# Exercise instructions:
The required answer is the count of lines in the records that contain "Long", with no other text.

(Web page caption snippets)
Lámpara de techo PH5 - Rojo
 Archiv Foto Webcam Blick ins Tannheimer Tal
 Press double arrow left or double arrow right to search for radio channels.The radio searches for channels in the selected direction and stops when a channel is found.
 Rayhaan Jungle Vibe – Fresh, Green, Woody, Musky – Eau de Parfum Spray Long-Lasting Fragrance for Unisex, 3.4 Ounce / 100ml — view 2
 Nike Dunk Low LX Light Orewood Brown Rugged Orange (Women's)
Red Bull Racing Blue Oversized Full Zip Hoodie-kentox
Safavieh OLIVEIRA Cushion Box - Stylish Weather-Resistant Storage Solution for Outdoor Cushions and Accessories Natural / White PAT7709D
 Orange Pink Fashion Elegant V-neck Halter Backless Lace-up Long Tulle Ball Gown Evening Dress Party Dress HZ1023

# Written answer:
2